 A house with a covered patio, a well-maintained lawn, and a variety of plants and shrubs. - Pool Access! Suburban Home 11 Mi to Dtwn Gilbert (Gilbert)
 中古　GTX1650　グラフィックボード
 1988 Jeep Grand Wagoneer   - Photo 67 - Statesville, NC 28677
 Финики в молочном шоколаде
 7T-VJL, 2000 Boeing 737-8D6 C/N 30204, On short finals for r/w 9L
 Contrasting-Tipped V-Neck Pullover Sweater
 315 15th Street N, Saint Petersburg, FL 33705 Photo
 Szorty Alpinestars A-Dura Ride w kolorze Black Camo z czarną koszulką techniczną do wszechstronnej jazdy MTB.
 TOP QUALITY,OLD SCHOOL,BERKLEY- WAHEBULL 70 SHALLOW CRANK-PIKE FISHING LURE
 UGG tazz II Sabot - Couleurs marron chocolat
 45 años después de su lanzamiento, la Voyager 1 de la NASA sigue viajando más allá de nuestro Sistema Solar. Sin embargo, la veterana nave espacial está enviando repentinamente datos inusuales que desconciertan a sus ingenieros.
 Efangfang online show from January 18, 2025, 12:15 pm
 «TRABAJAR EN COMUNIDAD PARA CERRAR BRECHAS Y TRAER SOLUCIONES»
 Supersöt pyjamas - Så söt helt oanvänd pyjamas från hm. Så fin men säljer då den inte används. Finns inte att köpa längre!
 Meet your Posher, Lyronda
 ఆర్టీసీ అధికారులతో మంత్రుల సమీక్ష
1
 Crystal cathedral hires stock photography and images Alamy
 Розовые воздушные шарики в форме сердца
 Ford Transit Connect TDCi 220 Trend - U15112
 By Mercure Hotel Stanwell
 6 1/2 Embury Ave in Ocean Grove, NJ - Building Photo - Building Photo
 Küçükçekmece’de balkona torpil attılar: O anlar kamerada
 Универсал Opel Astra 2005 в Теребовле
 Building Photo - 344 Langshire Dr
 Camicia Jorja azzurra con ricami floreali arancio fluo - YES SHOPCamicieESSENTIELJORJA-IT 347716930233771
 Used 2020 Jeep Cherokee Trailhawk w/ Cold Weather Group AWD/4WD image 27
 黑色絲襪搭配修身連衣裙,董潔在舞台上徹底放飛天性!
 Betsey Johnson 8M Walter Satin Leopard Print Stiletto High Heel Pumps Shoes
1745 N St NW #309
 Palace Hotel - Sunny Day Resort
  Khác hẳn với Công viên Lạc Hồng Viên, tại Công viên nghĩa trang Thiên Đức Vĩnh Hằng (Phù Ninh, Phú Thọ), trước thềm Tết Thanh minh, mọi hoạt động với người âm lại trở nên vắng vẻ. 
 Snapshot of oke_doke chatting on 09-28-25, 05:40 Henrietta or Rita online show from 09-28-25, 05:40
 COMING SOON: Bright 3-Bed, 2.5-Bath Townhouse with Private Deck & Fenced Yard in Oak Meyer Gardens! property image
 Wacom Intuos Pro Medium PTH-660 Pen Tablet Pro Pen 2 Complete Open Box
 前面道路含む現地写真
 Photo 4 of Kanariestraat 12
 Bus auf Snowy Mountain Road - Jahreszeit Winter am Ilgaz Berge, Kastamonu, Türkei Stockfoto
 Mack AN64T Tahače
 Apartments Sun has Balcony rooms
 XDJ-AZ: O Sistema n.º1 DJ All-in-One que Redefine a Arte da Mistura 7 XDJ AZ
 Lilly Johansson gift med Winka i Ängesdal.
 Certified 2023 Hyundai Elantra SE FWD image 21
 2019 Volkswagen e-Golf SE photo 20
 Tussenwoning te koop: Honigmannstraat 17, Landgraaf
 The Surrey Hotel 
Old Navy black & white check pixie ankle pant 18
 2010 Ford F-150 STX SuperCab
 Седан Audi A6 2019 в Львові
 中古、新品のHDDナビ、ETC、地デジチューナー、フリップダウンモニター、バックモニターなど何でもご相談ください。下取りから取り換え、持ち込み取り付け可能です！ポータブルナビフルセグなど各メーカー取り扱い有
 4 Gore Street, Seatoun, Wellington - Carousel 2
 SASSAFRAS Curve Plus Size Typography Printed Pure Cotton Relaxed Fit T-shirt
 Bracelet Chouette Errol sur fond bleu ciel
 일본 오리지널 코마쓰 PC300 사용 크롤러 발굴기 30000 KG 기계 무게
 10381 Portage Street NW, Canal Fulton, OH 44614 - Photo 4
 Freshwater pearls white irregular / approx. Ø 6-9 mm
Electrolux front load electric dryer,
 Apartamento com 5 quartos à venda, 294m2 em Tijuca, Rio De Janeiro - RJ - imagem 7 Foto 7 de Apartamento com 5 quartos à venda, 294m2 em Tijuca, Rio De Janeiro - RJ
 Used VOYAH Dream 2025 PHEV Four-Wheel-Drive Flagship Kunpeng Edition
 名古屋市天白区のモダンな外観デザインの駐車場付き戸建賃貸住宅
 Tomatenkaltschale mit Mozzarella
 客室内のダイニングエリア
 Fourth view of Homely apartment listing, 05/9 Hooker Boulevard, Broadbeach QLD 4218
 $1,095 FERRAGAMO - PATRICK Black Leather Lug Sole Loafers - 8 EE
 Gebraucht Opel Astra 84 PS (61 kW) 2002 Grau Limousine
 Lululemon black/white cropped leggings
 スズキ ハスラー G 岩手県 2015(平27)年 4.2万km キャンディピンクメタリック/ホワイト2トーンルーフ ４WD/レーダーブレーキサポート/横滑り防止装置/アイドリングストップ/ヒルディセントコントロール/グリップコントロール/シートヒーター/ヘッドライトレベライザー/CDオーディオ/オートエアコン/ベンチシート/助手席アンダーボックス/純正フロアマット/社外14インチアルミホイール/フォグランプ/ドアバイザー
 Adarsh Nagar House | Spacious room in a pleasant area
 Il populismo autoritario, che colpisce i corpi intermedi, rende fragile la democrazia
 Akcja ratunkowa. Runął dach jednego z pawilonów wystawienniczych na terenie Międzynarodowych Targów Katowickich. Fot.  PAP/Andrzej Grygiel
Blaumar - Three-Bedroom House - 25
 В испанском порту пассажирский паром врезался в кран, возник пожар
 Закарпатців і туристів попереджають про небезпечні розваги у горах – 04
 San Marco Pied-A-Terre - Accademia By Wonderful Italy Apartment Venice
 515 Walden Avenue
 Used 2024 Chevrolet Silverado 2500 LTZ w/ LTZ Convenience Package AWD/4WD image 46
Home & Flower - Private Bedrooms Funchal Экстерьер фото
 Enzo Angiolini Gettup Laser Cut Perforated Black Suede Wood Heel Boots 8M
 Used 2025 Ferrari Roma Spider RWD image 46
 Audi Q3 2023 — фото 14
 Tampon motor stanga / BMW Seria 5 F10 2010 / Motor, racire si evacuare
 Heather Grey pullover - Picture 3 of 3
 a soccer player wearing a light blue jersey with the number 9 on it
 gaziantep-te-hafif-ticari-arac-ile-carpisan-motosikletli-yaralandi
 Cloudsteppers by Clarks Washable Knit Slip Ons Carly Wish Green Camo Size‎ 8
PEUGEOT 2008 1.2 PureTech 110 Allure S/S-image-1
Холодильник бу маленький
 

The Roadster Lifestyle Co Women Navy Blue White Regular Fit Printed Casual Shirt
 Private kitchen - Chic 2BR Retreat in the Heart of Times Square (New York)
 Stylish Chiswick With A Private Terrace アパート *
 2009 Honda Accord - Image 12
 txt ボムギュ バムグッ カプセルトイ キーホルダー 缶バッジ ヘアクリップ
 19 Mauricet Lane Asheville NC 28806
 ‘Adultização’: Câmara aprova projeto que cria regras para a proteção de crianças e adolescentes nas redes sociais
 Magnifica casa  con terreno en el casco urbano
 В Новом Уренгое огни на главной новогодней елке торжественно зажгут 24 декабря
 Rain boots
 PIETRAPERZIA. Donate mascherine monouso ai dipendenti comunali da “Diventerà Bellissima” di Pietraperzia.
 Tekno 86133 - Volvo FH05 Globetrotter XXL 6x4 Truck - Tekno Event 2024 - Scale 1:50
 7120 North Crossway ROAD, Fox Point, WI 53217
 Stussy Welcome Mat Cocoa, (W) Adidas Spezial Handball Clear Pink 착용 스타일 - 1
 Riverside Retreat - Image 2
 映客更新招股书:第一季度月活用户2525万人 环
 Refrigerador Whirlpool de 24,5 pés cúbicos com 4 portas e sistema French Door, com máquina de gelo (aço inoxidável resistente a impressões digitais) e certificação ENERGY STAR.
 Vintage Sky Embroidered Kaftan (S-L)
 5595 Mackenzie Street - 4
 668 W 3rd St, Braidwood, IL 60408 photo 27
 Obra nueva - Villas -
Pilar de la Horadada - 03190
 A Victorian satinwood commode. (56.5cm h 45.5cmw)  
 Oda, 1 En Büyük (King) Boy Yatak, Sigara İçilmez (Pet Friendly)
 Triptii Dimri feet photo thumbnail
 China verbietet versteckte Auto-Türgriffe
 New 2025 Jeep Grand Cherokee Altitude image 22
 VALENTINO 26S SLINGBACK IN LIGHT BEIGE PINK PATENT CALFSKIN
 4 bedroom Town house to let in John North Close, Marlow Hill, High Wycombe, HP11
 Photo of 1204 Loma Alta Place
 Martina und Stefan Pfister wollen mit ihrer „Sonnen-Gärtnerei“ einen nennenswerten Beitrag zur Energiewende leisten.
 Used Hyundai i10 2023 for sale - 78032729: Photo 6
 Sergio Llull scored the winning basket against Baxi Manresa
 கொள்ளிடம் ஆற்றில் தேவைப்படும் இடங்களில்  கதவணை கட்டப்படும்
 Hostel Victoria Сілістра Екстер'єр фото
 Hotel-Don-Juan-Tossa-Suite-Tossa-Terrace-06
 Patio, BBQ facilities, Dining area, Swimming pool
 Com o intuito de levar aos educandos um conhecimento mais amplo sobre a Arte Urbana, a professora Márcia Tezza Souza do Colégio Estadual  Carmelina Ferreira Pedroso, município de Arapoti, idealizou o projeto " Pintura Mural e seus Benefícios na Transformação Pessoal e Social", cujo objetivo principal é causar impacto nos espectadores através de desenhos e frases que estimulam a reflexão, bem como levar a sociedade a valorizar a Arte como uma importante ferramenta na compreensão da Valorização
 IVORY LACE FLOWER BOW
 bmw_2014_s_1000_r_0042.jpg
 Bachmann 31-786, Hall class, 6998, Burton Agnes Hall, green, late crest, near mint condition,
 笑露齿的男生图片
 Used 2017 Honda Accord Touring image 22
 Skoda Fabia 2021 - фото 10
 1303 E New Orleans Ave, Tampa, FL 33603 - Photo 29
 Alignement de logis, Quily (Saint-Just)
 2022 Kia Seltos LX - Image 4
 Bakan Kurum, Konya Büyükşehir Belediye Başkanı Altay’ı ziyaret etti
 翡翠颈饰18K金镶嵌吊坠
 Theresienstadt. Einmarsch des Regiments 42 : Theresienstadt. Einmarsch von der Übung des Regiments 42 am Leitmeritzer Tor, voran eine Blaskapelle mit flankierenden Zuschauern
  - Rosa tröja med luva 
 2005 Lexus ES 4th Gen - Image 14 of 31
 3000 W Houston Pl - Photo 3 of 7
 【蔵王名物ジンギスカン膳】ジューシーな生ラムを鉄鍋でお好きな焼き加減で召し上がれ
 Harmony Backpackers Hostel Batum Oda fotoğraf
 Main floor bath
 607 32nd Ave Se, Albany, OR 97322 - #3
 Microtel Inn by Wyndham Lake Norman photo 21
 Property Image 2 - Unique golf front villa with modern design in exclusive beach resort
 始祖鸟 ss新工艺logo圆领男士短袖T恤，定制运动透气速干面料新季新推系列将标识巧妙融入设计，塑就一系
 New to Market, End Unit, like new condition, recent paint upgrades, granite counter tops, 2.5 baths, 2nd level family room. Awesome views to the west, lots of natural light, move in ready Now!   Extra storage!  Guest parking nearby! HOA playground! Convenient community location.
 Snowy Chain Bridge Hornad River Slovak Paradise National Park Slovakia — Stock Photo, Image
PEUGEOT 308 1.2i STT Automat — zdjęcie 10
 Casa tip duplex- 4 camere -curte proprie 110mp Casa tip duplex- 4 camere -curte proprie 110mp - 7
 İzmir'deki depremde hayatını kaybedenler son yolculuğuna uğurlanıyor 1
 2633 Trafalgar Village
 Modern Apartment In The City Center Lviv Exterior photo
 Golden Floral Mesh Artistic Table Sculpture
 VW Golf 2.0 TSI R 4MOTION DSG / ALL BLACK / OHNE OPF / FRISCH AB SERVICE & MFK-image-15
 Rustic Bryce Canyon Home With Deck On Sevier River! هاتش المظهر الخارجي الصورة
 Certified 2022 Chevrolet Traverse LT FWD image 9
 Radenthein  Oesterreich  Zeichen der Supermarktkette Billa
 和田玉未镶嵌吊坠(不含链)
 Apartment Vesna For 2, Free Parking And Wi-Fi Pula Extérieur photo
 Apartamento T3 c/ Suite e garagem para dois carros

TASK TO COMPLETE »
Please output the lines of the listing above that fall in the stretch from the one with "Used VOYAH Dream" through the one with "Fourth view of", exactly and only those.

YOUR RESPONSE »
 Used VOYAH Dream 2025 PHEV Four-Wheel-Drive Flagship Kunpeng Edition
 名古屋市天白区のモダンな外観デザインの駐車場付き戸建賃貸住宅
 Tomatenkaltschale mit Mozzarella
 客室内のダイニングエリア
 Fourth view of Homely apartment listing, 05/9 Hooker Boulevard, Broadbeach QLD 4218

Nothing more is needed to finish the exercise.